Action item:
Pictures stay out of the copy. Retype exactly the lines below from the one with "С огромной гордостью" through the one with "Polymers 14 04865 g018 Polymers".

Supplied material:
▼▼▼
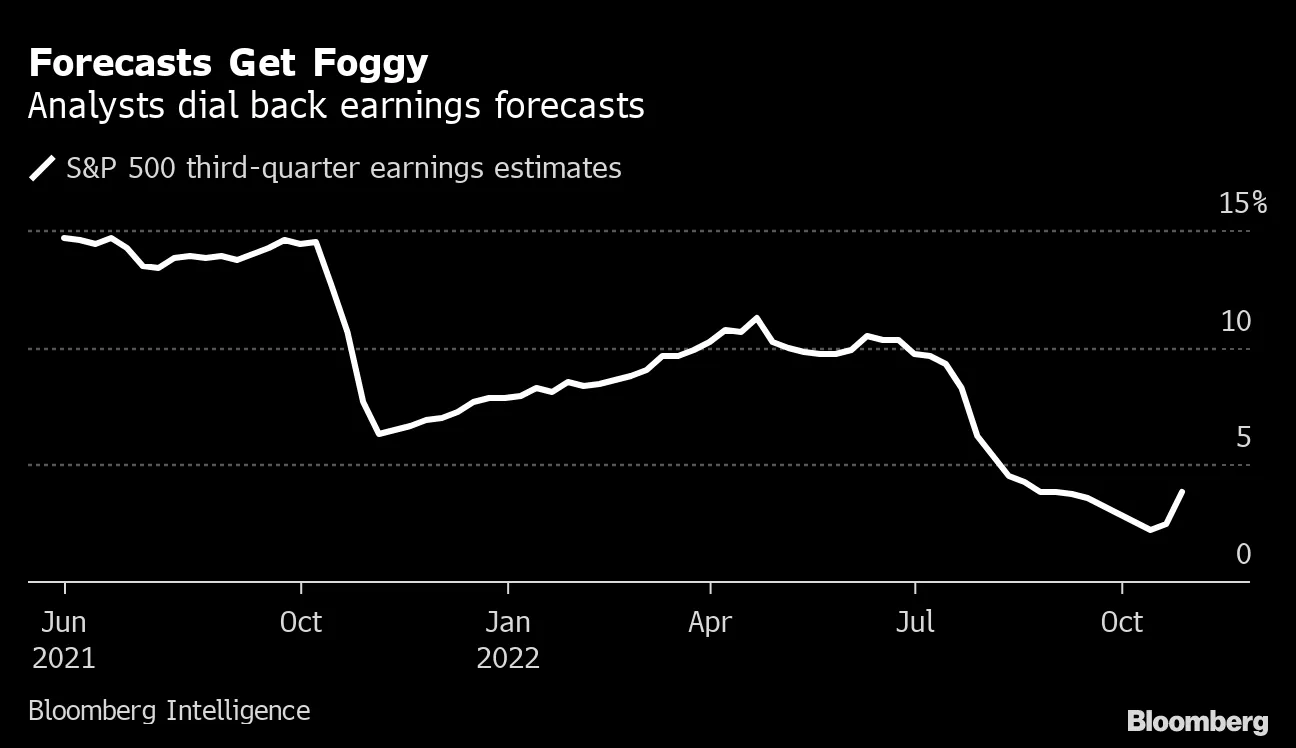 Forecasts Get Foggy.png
▲▲▲
▼▼▼
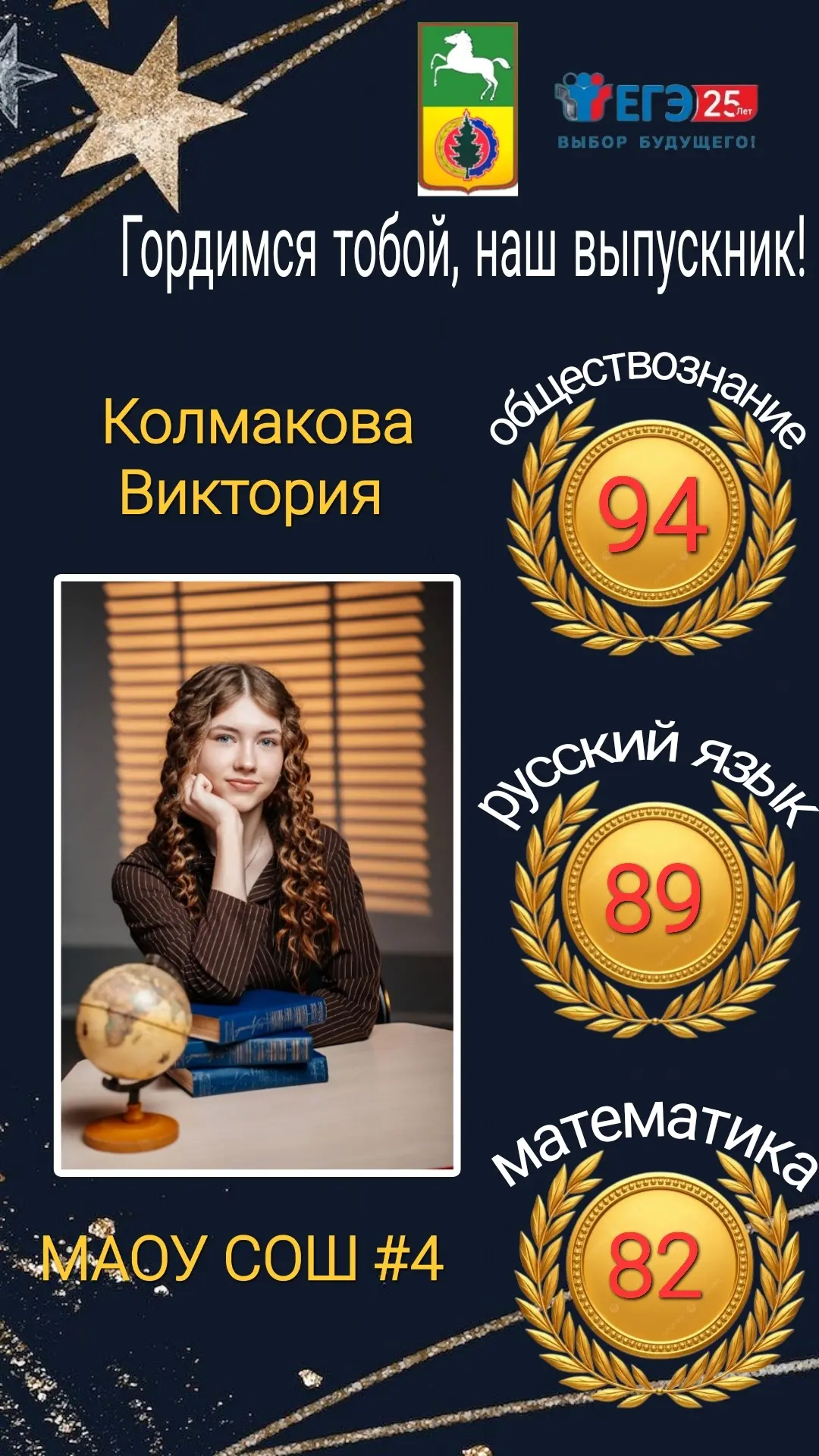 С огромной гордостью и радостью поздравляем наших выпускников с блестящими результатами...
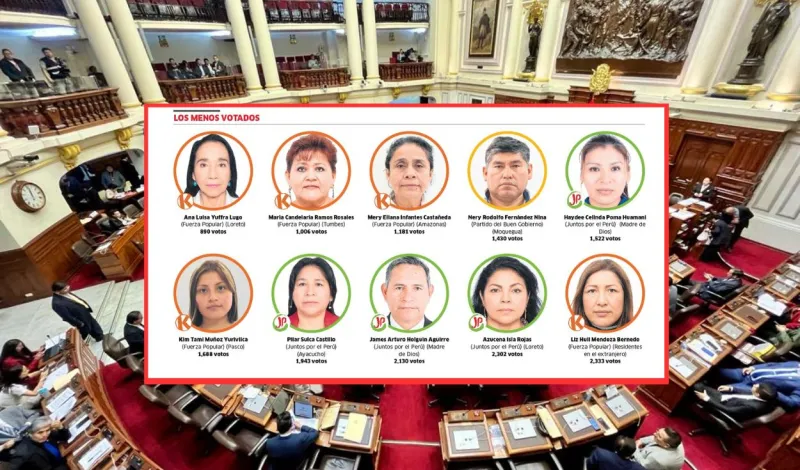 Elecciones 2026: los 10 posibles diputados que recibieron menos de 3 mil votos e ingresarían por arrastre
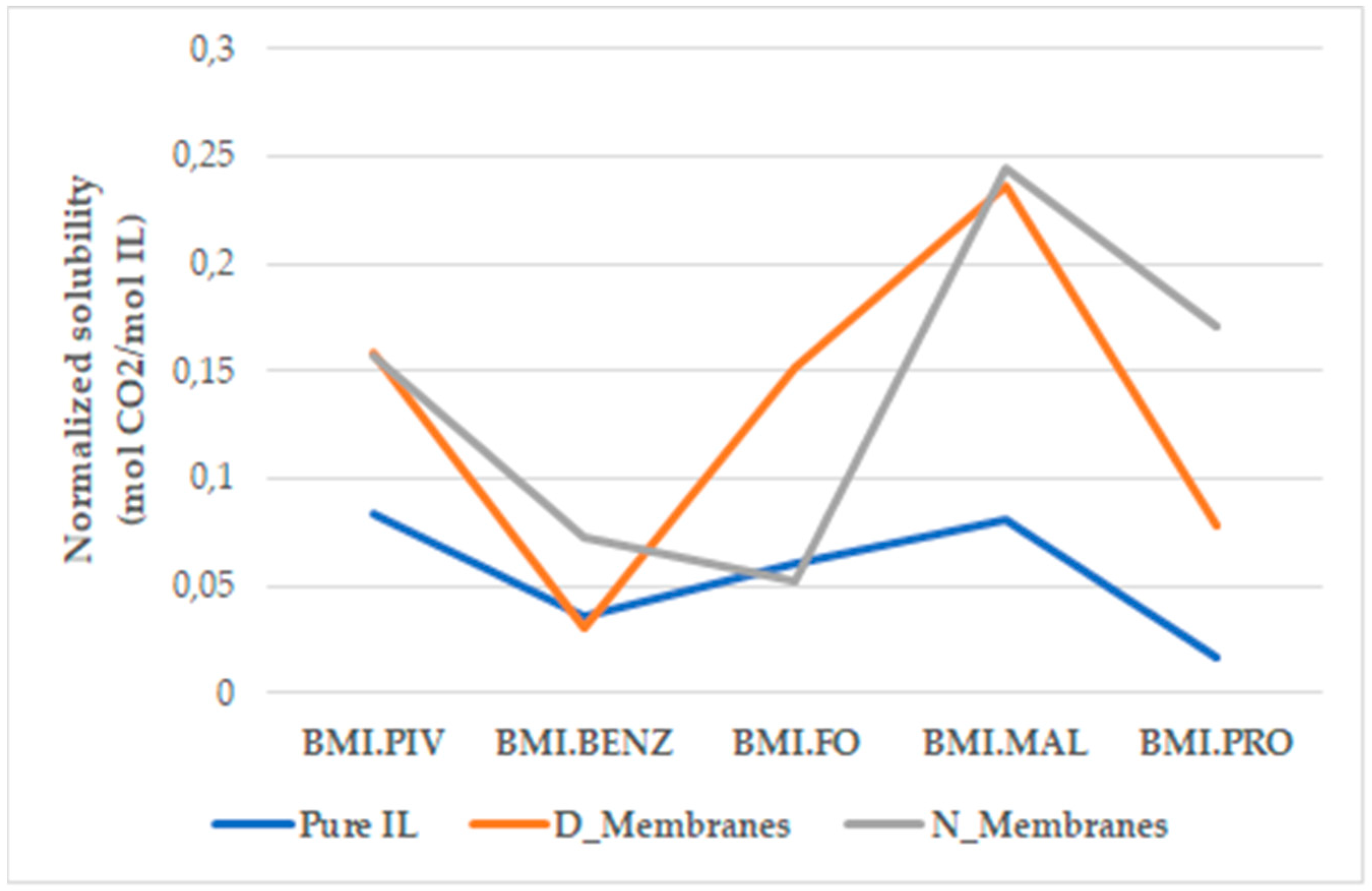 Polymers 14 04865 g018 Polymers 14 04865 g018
▲▲▲
Answer to this task:
 С огромной гордостью и радостью поздравляем наших выпускников с блестящими результатами...
 Elecciones 2026: los 10 posibles diputados que recibieron menos de 3 mil votos e ingresarían por arrastre
 Polymers 14 04865 g018 Polymers 14 04865 g018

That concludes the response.